Please transcribe every record below exactly, leaving out the pictures.
++++++++++
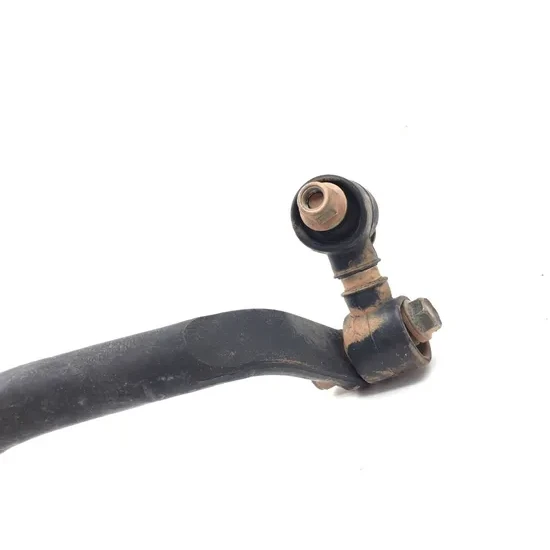 Polaris 2016 RZR S 1000 EPS Rear Sway Bar 3432 5337080 6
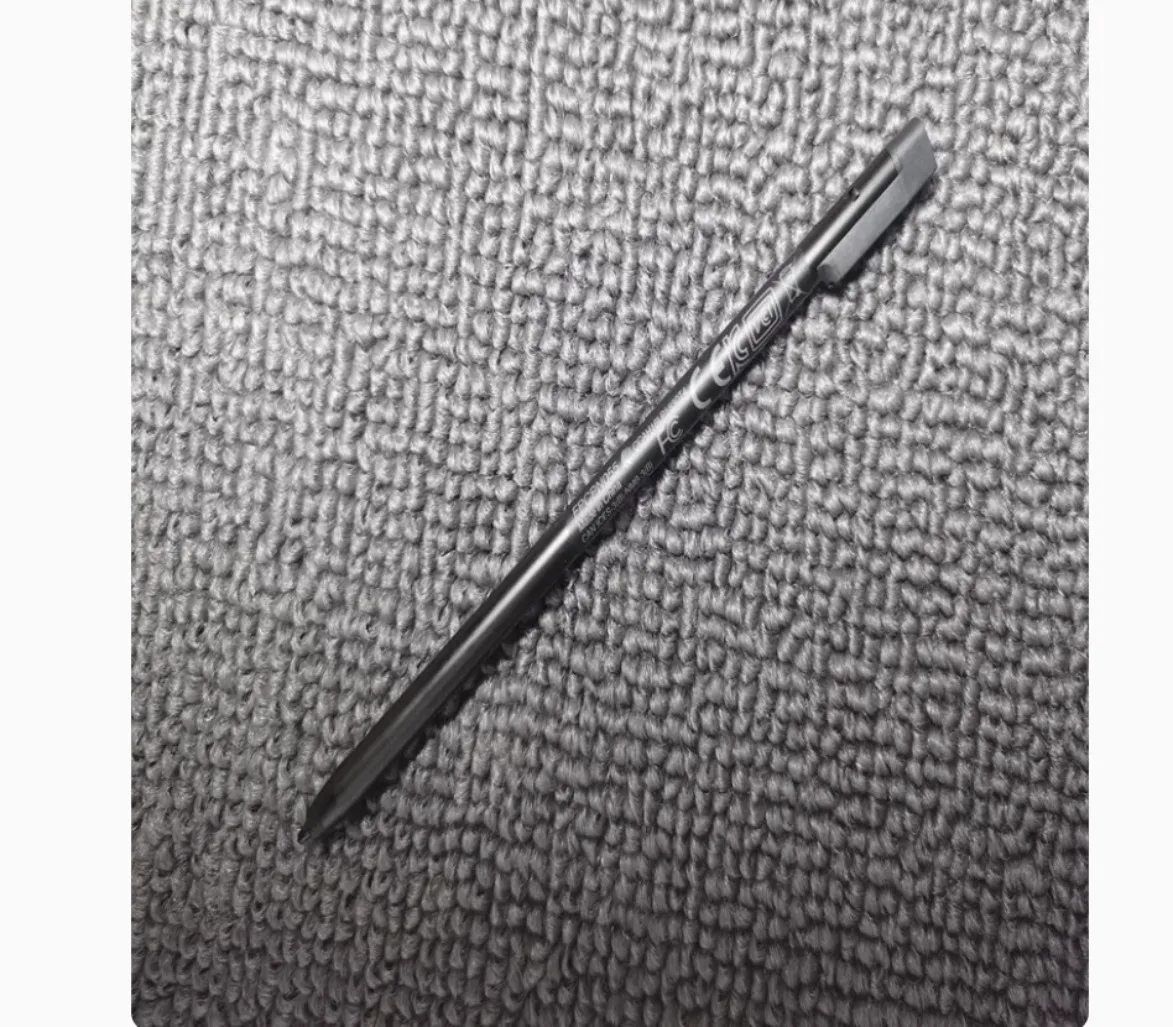 

SX For Fujitsu LIFEBOOK LIFEBOOK Q738 U939X U9310x U9311x U939X U729X Digitizer Stylus Touch Pen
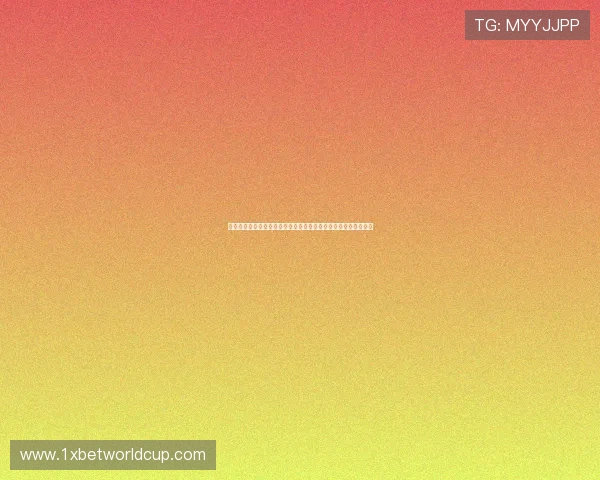 百家乐技巧与秘籍掌握：提升赢钱几率的实用攻略和最佳实践方案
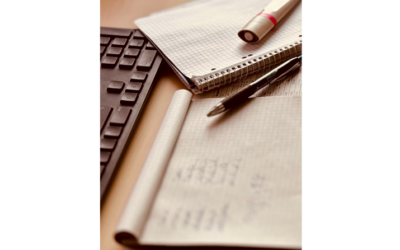 Unterstützung bei digitaler Wohnungssuche benötigt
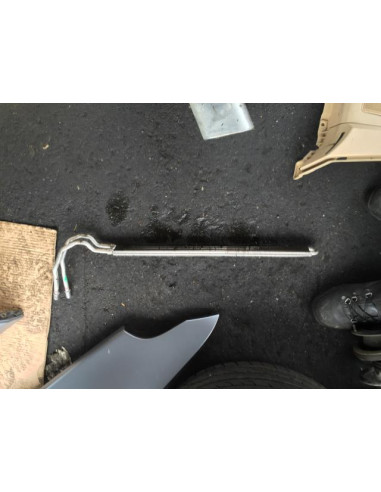 Radiateur de direction assistee BMW  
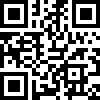 https://hawzahnews.com/xdP2v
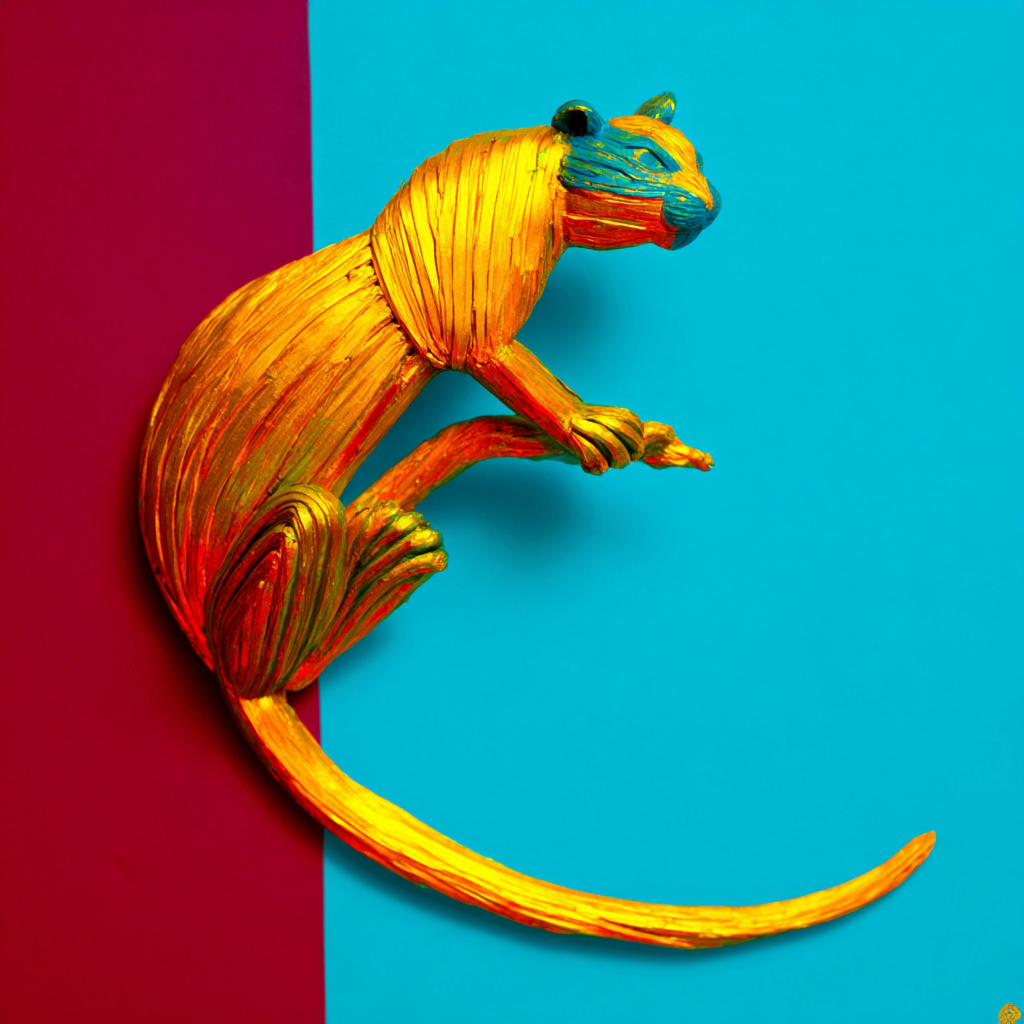 The practitioner's guide to indicator species biodiversity credits. Science, standards, and field practice for the emerging nature market.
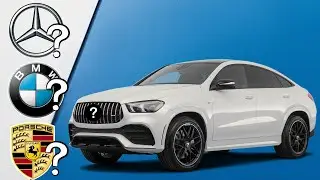 guess the brand of cars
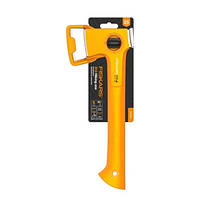 Універсальна сокира Fiskars X-series X13 Ultra (1069101)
++++++++++
» **Answer space**:
 Polaris 2016 RZR S 1000 EPS Rear Sway Bar 3432 5337080 6

SX For Fujitsu LIFEBOOK LIFEBOOK Q738 U939X U9310x U9311x U939X U729X Digitizer Stylus Touch Pen
 百家乐技巧与秘籍掌握：提升赢钱几率的实用攻略和最佳实践方案
 Unterstützung bei digitaler Wohnungssuche benötigt
 Radiateur de direction assistee BMW  
 https://hawzahnews.com/xdP2v
 The practitioner's guide to indicator species biodiversity credits. Science, standards, and field practice for the emerging nature market.
 guess the brand of cars
 Універсальна сокира Fiskars X-series X13 Ultra (1069101)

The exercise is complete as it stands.